Although state-of-the-art NER systems for English produce near-human performance [2], their performance drops when applied to informal text of UGC where the ambiguity increases. It this the aim of this paper to study the interdependency of NEE and NED on the domain of informal text, and to show how one could be used to improve the other and vice versa. We call this potential for mutual improvement, the reinforcement effect. It mimics the way humans understand natural language. Natural language processing (NLP) tasks are commonly split into a set of pipelined sub tasks. The residual error produced in any sub task propagates, adversely affecting the end objectives. This is why we believe that back propagation would help improving the overall system quality. We show the benefit of using this reinforcement effect on two domains: NEE and NED for toponyms in semi-formal text that represents advertisements for holiday properties; and for arbitrary entity types in informal short text in tweets.
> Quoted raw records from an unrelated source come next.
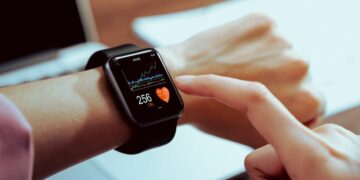 Wristband smart health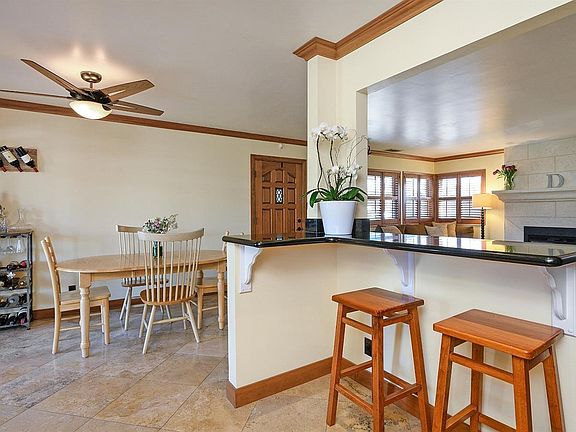 3rd image of 1498 Sierra Avenue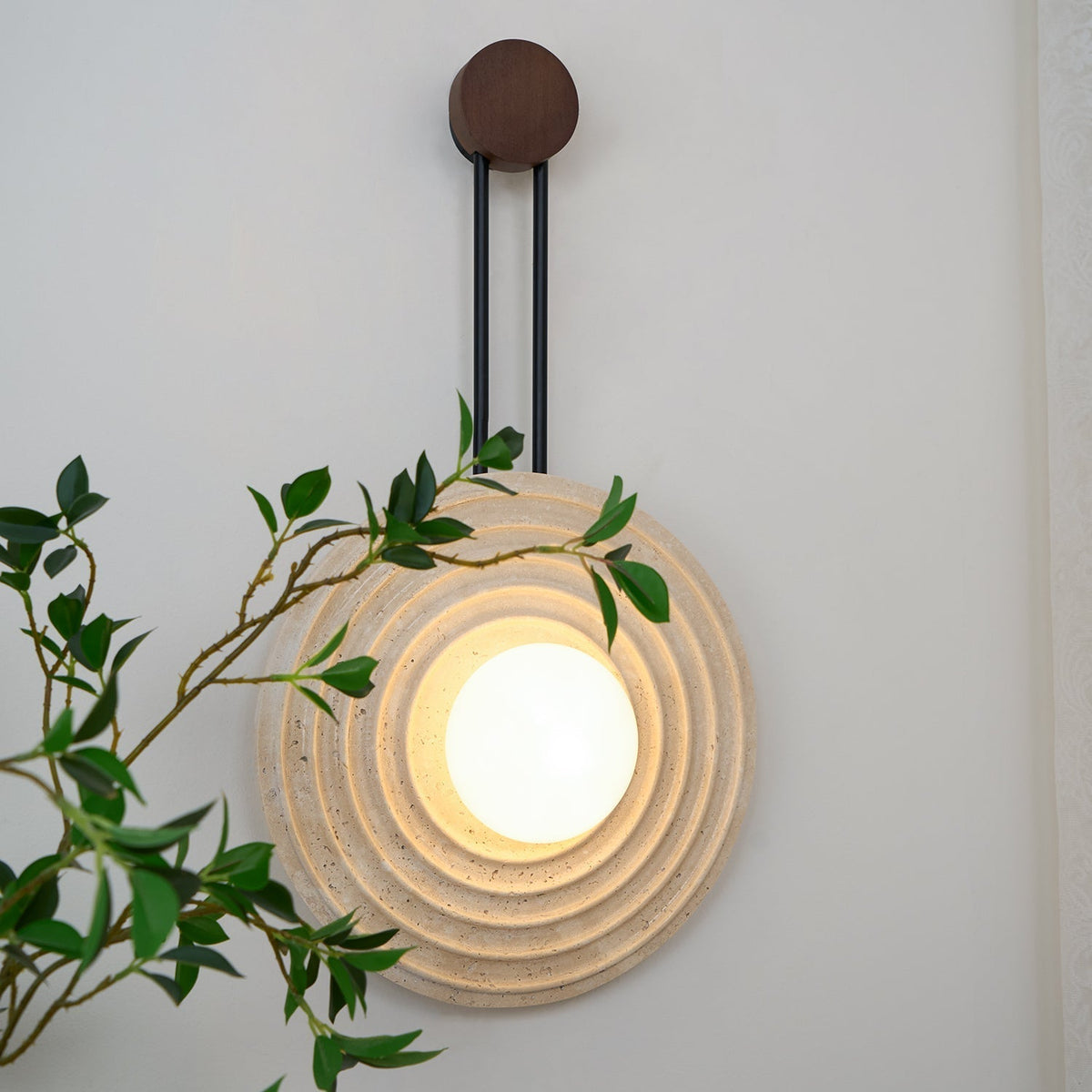 Isoror Spiral-Ring Travertine-Wandleuchte in Dunkelwalnuss & Beige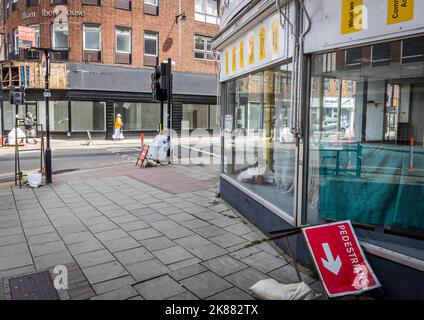 Bedford Town Center in der Krise mit vernagelten Geschäften Stockfoto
We proved that this mutual improvement makes NEE and NED robust across languages and domains. This improvement is also independent on what extractions and disambiguation techniques are used. Furthermore, we developed extraction methods that consider alternatives and uncertainties in text with less dependency on formal sentence structure. This leads to more reliability in cases of informal and noisy UGC text.

2 Examples of Application Domains

Information extraction has applications in a wide range of domains. There are many stakeholders that could benefit from UGC on social media. Here, we give some examples for applications of information extraction:

• Security agencies typically analyze large amounts of text manually to search for information about people involved in criminal or terrorism activities. Social media is a continuously instantly updated source of information. Football hooligans sometimes start their fight electronically on social media networks even before the sport event. Another real life example is the Project X Haren². Project X Haren was an event that started out as a public invitation to a birthday party by a girl on Facebook, but ended up as a gathering of thousands of youths causing riots in the town of Haren, Groningen. Automatic monitoring and gathering of such information could be helpful to take actions to prevent such violent, and destructive behaviors. As an example for real application, we contribute to the TEC4SE project³. The aim of the project is to improve the operational decision-making within the security domain by gathering as much information available from different sources (like cameras, police officers on field, or social media posts). Then these information is linked and relationships between different information streams are found. The result is a good overview of what is happening in the field of security in the region. Our contribution to this project is to the enrich Twitter stream messages by extracting named entities at run time. The amount and the nature of the flowing data is beyond the possibility of manually tracking. This is why we need new technologies that is capable of dealing with such huge noisy amounts of data.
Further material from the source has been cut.